How far can stack [LIFO] solve do automatic garbage collection and prevent memory leak ?

Nick Keighley nick_keighley_nospam at
Mon Aug 16 09:47:44 CEST 2010

this is heavily x-posted I'm answering from comp.lang.c

On 16 Aug, 08:20, Standish P <stnd... at> wrote:

> [Q] How far can stack [LIFO] solve do automatic garbage collection and
> prevent memory leak ?

I'm having trouble understanding your question (I read your whole post
before replying). I strongly suspect the only connection your question
has with C is that you are using C as your implementation language. I
think you're trying to ask a question about memory management. You
might be better off asking your question in a general programming new
group such as comp.programming (sadly rather quiet these days).

Note that C doesn't do automatic garbage collection. Memory is either
freed on exit from a scope (stack-like memory lifetime) or explicitly
(using free()). Static memory is, conceptually, never freed.

> Because a stack has push and pop, it is able to release and allocate
> memory.

I'm not sure what you mean by some of the terms you use. In a sense a
pop *is* a release.
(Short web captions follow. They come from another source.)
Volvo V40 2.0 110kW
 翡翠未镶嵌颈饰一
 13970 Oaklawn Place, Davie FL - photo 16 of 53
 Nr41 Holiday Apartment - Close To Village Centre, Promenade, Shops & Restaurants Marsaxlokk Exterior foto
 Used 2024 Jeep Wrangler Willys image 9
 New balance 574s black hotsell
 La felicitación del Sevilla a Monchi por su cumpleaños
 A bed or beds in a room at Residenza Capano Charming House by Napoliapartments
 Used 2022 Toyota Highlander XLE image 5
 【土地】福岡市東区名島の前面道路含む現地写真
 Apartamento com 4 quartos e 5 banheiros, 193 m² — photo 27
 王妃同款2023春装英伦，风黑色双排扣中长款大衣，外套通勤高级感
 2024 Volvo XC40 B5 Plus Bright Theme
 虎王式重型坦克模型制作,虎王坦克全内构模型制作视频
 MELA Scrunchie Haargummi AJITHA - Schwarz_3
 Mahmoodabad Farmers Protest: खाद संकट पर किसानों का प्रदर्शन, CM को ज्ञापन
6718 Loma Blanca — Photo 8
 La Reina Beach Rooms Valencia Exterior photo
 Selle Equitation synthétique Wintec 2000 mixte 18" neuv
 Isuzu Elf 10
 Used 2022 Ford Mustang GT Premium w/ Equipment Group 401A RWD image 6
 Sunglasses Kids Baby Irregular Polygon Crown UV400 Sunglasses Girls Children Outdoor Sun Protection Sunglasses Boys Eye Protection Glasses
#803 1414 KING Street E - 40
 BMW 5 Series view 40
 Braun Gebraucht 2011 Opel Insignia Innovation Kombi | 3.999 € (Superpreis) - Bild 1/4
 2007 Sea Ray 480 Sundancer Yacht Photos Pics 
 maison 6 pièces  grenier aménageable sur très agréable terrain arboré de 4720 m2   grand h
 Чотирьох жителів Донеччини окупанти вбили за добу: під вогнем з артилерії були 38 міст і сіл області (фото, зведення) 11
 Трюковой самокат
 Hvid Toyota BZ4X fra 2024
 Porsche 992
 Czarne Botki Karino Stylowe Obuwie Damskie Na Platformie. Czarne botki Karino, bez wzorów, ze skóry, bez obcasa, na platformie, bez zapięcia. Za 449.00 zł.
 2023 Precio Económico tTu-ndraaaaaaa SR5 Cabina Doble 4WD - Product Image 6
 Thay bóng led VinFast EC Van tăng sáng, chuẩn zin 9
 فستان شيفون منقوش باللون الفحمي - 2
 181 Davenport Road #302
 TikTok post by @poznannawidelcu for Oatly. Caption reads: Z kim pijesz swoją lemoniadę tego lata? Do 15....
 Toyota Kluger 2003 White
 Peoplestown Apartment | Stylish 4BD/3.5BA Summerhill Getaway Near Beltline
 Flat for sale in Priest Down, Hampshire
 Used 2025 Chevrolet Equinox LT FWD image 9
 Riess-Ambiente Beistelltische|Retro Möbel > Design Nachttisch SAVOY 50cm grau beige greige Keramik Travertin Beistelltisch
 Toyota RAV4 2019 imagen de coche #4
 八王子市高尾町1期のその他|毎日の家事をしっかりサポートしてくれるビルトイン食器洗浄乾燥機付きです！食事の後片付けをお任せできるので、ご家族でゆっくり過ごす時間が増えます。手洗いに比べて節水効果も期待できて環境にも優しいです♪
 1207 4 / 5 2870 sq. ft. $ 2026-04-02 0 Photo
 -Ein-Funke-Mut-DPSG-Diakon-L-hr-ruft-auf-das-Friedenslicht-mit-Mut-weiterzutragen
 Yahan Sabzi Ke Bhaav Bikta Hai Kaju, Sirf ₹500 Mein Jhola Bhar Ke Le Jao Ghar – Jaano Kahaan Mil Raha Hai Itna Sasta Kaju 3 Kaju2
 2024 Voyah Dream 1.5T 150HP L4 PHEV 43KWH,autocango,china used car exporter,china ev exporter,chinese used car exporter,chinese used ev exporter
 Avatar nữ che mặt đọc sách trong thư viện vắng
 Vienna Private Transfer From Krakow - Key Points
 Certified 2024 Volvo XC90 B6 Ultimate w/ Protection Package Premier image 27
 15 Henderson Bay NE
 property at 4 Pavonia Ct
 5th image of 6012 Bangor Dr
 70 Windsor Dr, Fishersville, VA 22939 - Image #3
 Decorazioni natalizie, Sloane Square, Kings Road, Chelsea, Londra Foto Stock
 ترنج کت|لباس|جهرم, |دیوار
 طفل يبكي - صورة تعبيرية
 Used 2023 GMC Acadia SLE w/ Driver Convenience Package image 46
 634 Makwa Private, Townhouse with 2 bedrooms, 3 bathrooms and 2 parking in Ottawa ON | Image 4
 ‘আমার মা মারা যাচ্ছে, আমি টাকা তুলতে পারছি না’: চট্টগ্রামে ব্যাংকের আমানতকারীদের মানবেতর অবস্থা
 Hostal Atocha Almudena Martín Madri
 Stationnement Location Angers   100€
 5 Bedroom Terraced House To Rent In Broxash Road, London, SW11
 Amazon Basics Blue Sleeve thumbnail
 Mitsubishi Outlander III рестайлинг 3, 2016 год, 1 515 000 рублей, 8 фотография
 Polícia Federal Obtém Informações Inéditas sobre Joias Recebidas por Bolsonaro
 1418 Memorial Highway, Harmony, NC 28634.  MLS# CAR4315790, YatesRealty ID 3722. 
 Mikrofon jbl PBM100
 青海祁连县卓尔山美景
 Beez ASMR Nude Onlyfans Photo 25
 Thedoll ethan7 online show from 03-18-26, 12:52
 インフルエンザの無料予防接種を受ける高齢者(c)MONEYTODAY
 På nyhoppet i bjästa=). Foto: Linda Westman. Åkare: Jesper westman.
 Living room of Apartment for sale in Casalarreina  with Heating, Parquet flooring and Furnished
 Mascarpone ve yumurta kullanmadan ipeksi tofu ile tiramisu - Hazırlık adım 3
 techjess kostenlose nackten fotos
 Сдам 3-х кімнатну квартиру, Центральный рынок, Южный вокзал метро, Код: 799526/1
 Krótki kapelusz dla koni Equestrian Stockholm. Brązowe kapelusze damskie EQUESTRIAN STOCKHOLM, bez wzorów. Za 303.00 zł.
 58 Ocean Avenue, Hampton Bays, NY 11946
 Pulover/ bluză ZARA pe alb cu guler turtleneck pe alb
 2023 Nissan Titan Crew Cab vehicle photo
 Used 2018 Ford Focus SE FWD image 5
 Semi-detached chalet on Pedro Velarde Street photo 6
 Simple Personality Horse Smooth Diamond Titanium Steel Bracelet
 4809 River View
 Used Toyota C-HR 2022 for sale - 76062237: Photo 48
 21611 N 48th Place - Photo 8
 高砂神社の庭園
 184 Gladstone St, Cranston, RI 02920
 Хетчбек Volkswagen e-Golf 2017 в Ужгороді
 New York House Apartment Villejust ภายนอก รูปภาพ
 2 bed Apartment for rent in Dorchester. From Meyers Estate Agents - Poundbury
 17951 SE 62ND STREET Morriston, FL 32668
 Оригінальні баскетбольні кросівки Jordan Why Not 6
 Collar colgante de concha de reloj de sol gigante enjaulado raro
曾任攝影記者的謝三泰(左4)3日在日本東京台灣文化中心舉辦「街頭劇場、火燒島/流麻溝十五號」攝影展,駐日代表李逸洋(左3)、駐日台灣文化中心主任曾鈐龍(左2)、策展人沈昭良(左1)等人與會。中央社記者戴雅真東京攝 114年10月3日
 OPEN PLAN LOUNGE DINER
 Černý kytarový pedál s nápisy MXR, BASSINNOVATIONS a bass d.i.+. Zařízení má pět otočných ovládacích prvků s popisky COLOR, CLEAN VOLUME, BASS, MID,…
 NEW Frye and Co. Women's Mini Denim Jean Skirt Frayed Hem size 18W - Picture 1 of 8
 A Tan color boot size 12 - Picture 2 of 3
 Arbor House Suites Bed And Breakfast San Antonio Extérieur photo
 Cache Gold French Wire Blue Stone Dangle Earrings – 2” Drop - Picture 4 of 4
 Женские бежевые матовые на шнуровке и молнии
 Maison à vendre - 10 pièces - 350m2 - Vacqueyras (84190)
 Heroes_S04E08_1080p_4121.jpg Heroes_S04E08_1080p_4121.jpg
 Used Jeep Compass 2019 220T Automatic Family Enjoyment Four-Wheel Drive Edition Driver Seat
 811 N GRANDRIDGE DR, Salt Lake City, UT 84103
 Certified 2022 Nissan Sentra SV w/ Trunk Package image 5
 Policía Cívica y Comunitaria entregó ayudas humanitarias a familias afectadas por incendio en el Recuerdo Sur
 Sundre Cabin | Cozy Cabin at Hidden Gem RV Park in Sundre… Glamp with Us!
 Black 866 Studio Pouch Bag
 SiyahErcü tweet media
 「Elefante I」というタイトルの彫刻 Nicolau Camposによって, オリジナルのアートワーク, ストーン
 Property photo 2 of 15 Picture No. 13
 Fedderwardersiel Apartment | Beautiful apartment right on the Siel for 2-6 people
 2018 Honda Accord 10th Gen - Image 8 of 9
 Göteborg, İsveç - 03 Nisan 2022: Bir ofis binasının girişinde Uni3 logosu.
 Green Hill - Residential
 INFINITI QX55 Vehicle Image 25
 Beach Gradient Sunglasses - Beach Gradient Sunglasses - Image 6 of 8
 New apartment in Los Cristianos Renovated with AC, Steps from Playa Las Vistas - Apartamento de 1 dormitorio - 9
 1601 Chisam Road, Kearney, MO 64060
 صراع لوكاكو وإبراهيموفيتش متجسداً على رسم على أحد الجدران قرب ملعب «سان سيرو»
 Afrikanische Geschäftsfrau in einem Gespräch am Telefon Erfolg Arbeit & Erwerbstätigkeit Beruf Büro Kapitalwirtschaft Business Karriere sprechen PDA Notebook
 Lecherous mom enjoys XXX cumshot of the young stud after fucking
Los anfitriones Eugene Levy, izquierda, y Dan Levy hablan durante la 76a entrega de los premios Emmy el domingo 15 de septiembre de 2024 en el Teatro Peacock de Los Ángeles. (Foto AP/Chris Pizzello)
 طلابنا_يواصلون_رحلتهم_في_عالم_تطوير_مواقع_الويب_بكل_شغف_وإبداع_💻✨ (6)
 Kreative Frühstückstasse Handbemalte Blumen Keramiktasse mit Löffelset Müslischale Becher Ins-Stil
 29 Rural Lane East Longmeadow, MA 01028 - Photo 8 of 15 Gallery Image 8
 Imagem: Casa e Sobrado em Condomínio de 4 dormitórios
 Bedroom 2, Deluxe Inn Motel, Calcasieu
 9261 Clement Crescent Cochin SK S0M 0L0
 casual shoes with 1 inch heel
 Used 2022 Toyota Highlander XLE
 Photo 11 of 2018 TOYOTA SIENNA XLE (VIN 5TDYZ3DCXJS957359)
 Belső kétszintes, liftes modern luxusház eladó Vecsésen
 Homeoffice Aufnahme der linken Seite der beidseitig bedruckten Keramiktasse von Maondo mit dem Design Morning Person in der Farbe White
The memory is no longer available for use.

> We envisage an exogenous stack which has malloc() associated
> with a push and free() associated with a pop.

"exogenous"? Why would you do this? Are you envisioning a stack of
pointers? The pointers pointing to dynamically allocated memory? Well,
yes, sure you could implement this in C. It isn't garbage collection
by any standard definition of the term.

> The algorithm using the stack would have to be "perfect" to prevent
> stack overflow or condition of infinite recursion depth.

the memory lifetimes must be stack-like (or close to stack-like)

> This would
> involve data type checking to filter out invalid input.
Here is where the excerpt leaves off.